*** DATASET ENTRIES Section Begins ***

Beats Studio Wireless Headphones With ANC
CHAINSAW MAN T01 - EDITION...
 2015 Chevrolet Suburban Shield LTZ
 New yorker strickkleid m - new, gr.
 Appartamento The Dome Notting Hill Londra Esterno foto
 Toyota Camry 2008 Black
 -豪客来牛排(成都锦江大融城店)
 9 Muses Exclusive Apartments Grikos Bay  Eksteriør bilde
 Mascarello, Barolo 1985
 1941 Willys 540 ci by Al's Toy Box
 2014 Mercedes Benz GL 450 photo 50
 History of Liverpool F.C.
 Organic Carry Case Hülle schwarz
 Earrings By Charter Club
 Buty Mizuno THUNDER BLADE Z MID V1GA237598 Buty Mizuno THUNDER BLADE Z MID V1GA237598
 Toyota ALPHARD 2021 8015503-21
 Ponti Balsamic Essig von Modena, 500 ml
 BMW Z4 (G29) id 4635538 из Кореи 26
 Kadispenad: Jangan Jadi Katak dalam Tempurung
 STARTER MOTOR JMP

*** DATASET ENTRIES Section Ends ***

◆ **TO DO**
From the line holding "9 Muses Exclusive" down to the last line of the records above, restate each line exactly as written.

◆ **EXERCISE RESULT**
 9 Muses Exclusive Apartments Grikos Bay  Eksteriør bilde
 Mascarello, Barolo 1985
 1941 Willys 540 ci by Al's Toy Box
 2014 Mercedes Benz GL 450 photo 50
 History of Liverpool F.C.
 Organic Carry Case Hülle schwarz
 Earrings By Charter Club
 Buty Mizuno THUNDER BLADE Z MID V1GA237598 Buty Mizuno THUNDER BLADE Z MID V1GA237598
 Toyota ALPHARD 2021 8015503-21
 Ponti Balsamic Essig von Modena, 500 ml
 BMW Z4 (G29) id 4635538 из Кореи 26
 Kadispenad: Jangan Jadi Katak dalam Tempurung
 STARTER MOTOR JMP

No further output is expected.